Closer examination revealed that the Amazon hose was actually three inches in outer diameter. But of course, I needed one that was three inches inside. What the hell is up with that? The inner diameter determines the airflow—that's the measurement that matters! Why would anyone order a hose based on its outer diameter?

I guess if we're being honest here, it's possible I misread the product listing. But regardless, the one I'd aquired wasn't going to work once I'd seen just how gnarly my old hose was, I really didn't want to tape it up and re-use it.

I made another pass at trying to find an OEM part online, but nothing would arrive quickly enough for me to make my intended departure. Finally, a friend I'd been texting with about my conundrum mentioned he'd used Home Depot hoses for intake parts on his Porsche 944 in the past in a pinch.

Cursory research indicated to me that most industrial rubber can withstand about 200 degrees Fahrenheit, which is the upper end of what I'd expect under the hood of my car.

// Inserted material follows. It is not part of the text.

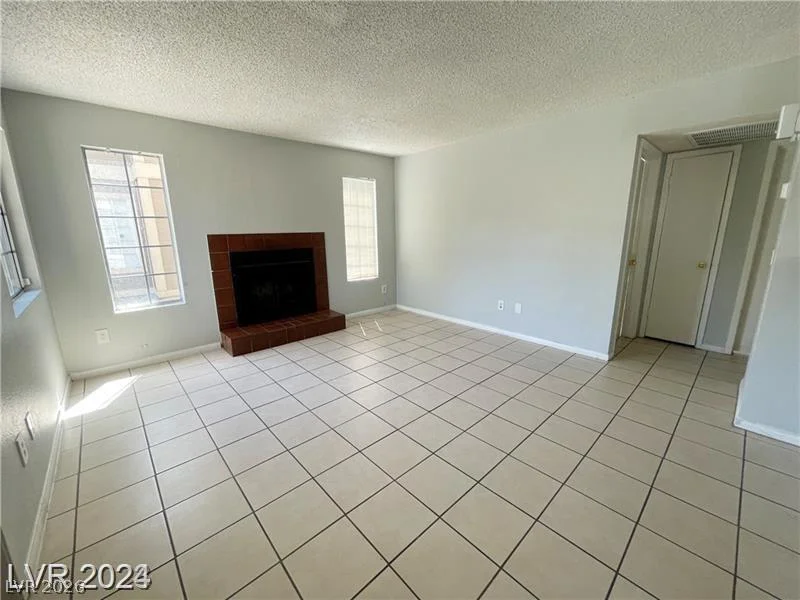 2707 Aarondavid, Las Vegas, NV 89121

I consulted with Staff Writer Chris Rosales who concurred that, especially since the car was non-turbo, a non-automotive hose ought to get the job done.

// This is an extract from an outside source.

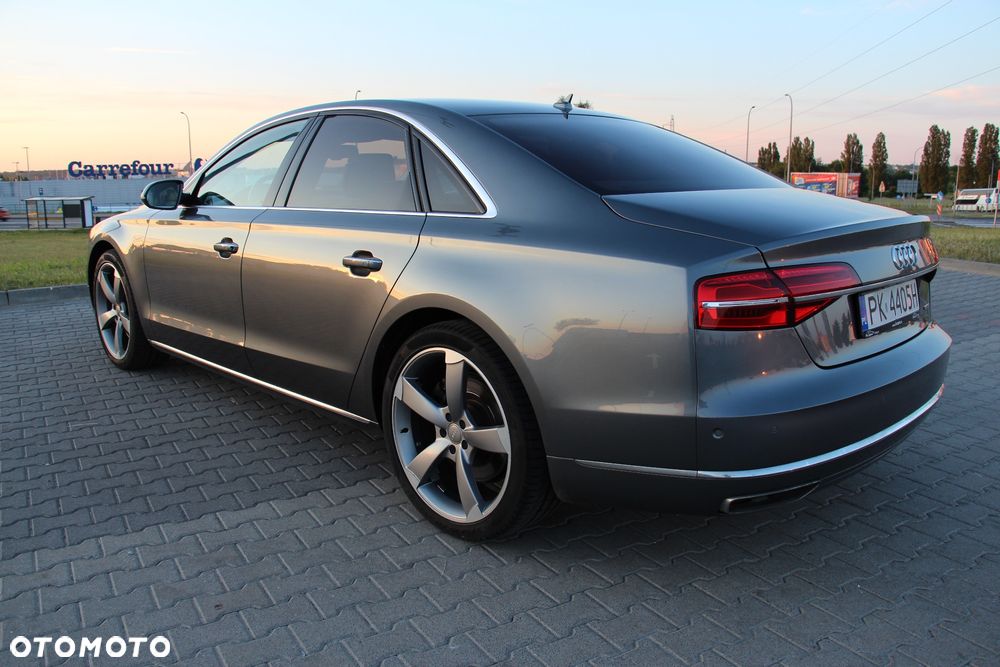 Audi A8 4.2 TDI DPF (clean diesel) quattro tiptronic - 10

It's not meant for automotive use, but at a certain point, a weak hose is better than no hose. Andrew P. Collins

I hiked to a hardware store and found a three-inch long and three-inch wide rubber coupler hose—the size was pretty much spot on when I compared it to the scrap of paper I'd ripped into approximately the shape of the desired hose. It was labeled as a plumbing product and came with two appropriately sized hose clamps. $7.99 later and it was in my hands.

I didn't have a tape measure so I gauged the length and diameter of hose needed by marking ticks on some graph paper I found. Andrew P. Collins

On my way home I texted The Autopian's David Tracy, another professional car nut you might have heard of, a picture of my hose to get some validation. To my relief, he concurred it should work. He added that I might want to make some kind of heat shield to maximize the rubber's life—so I detoured to yet another auto parts store and was able to find a little roll of heat wrap that almost looked perfectly sized for my weird little project here.

That heat wrap turned out to be the most expensive element of this little endeavor at about $35, but I suppose it's better to take minimal chances on a road trip of this length. I grabbed a spare rubber coupler for the same reason, at The Smoking Tire's Zack Klapman's wise suggestion.

Looks right at home! Andrew P. Collins

Of course, the hardware store hose isn't perfectly sized—I wish it was a hair longer and skinnier in diameter. I went to two other hardware stores hoping to find more choices, but they all only sold the exact same piece that I already had.

I toyed with the idea of using some kind of grease or even RTV around the lips of the hard pipe as a sealant, but ultimately decided it'd be better to just crank the hell out of those hose clamps and hope for the best than be worried about a stray piece of RTV breaking loose and being eaten by the throttle body.

It must be working well enough though, because once I powered up the car with my contraption in place I was greeted by a smooth, steady idle. Hell yeah, raccoon repairs for the win! I'll be keeping a close eye on the condition of this rubber coupler and changing it out for a proper automotive hose as soon as I can, but at this point, the VG engine seems happy with its new breathing situation.

There's my new intake hose all cozy in its heat blanket. The VG is a cool-looking engine, isn't it? Andrew P. Collins

With that, I'm off to Angeles Crest Highway and ultimately Flagstaff, Arizona followed by Taos, New Mexico, and then whatever waystation I end up at between the Southwest and my halfway resting point of Madison, Wisconsin.

So the morals of the story this time:

  • Triple-check the specs on anything you order from Amazon
  • Don't be afraid to get creative with car repairs ...
  • ... but if you're going to do that, do so with as much research and validation from experts in your phone contacts as you can!

Wish me luck as I try to send this Z all the way to the Larz Anderson Automotive Museum for its Japanese Car Day on October 16 over the course of the next few days.